*** Opening STORED DATA ***

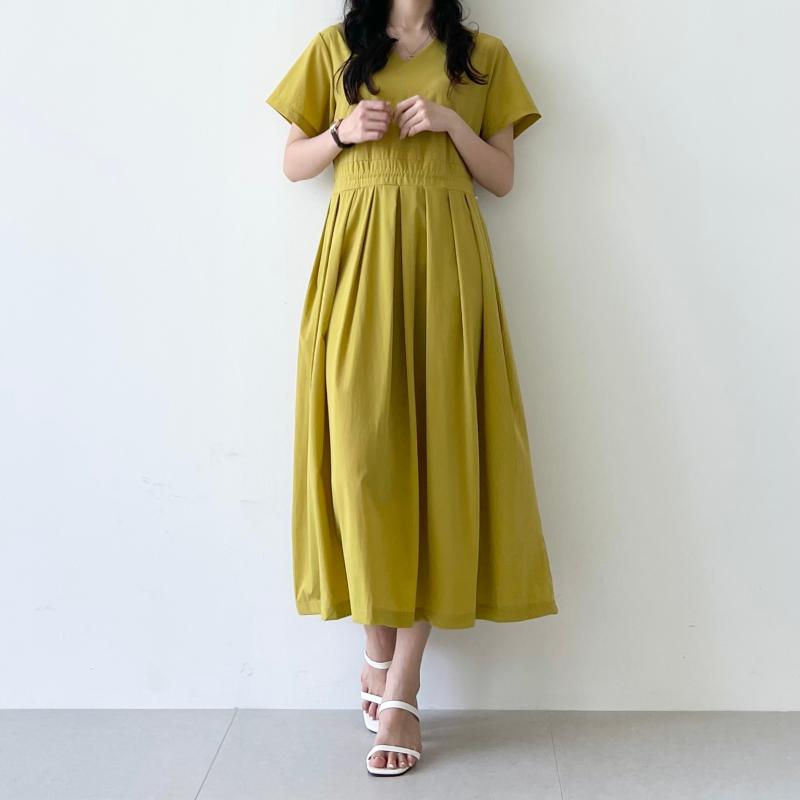 아노락원피스 바스락원피스 롱 프라다원단 플리츠 40대여름 원피스 맘룩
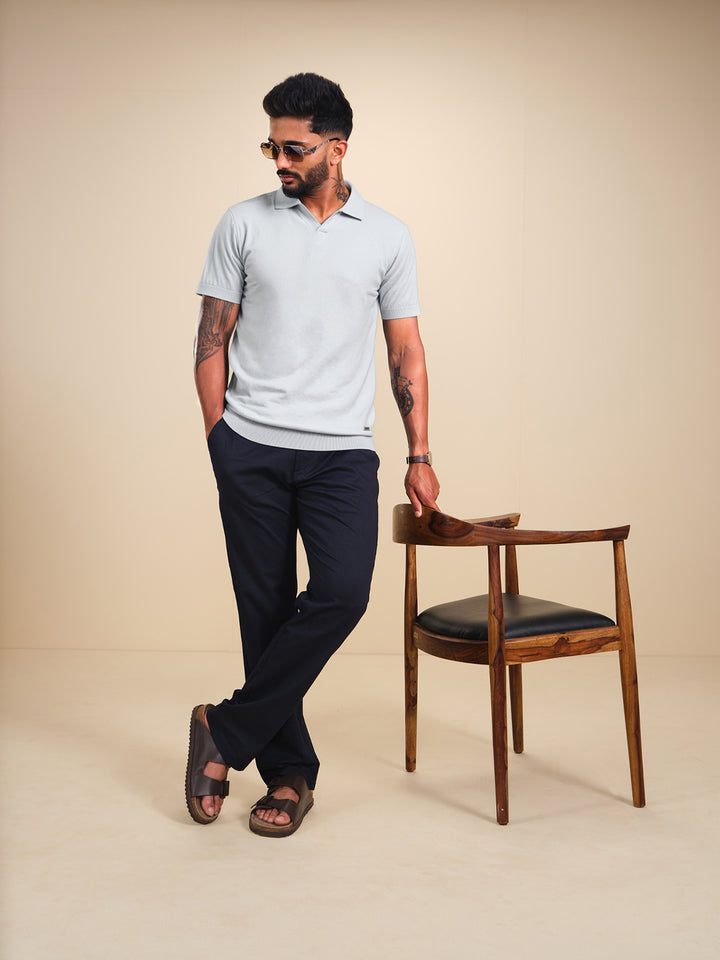 Slim Fit Flat Knit Polo T-Shirt | Light Blue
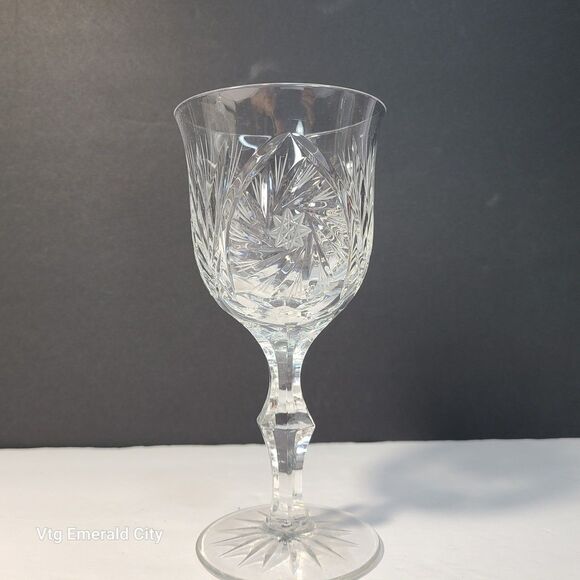 Vtg American Cut Crystal Co. ELEANOR Star & Fan Cut Pattern Wine Goblet Set Of 3 - Picture 5 of 12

*** Closing STORED DATA ***

TASK INSTRUCTIONS: Restate the data word for word, minus any images.

TASK RESPONSE:
 아노락원피스 바스락원피스 롱 프라다원단 플리츠 40대여름 원피스 맘룩
 Slim Fit Flat Knit Polo T-Shirt | Light Blue
 Vtg American Cut Crystal Co. ELEANOR Star & Fan Cut Pattern Wine Goblet Set Of 3 - Picture 5 of 12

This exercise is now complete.